PROVIDED RECORDS:
━━━━━━━━━━━━━━━━

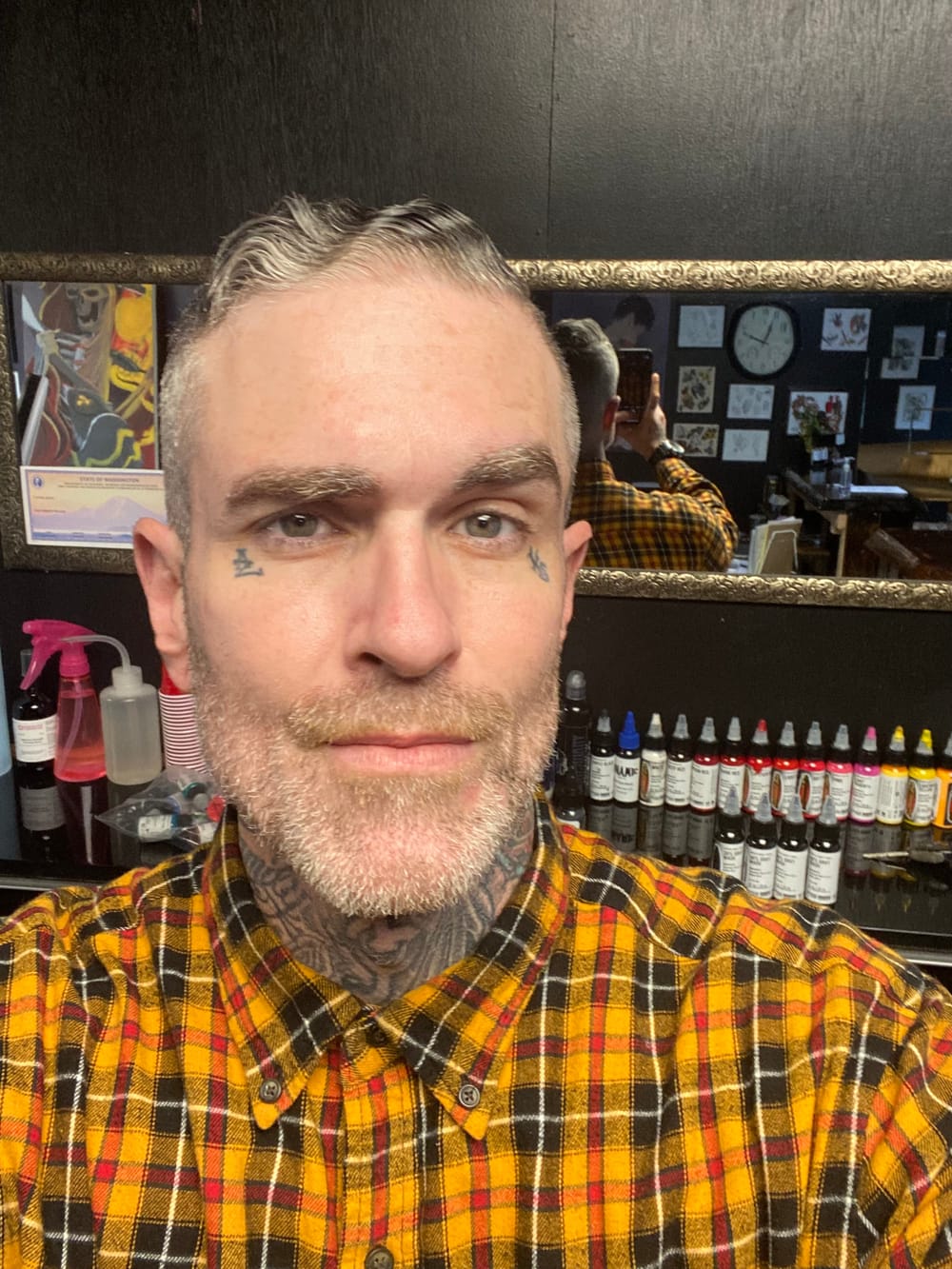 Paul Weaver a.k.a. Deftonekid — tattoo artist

━━━━━━━━━━━━━━━━

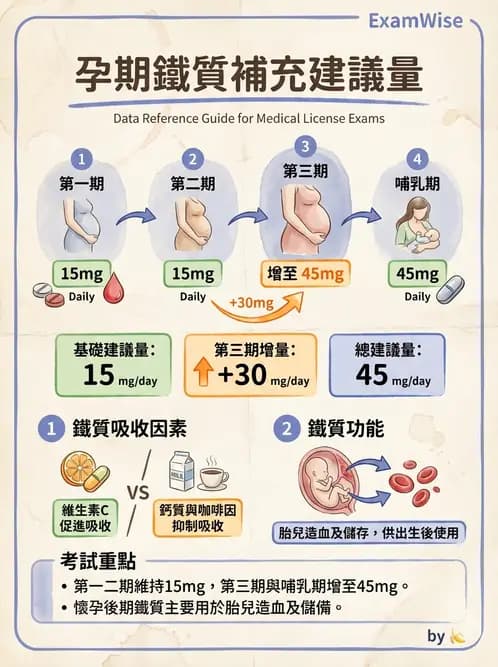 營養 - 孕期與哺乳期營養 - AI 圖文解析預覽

━━━━━━━━━━━━━━━━

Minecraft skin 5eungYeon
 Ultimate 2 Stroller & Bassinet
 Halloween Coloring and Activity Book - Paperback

━━━━━━━━━━━━━━━━

TASK STATEMENT:
After locating the line with "Minecraft skin 5eungYeon" above, return that line and every later line through the one with "Halloween Coloring and", word for word and with nothing else.

SOLVED PROBLEM:
Minecraft skin 5eungYeon
 Ultimate 2 Stroller & Bassinet
 Halloween Coloring and Activity Book - Paperback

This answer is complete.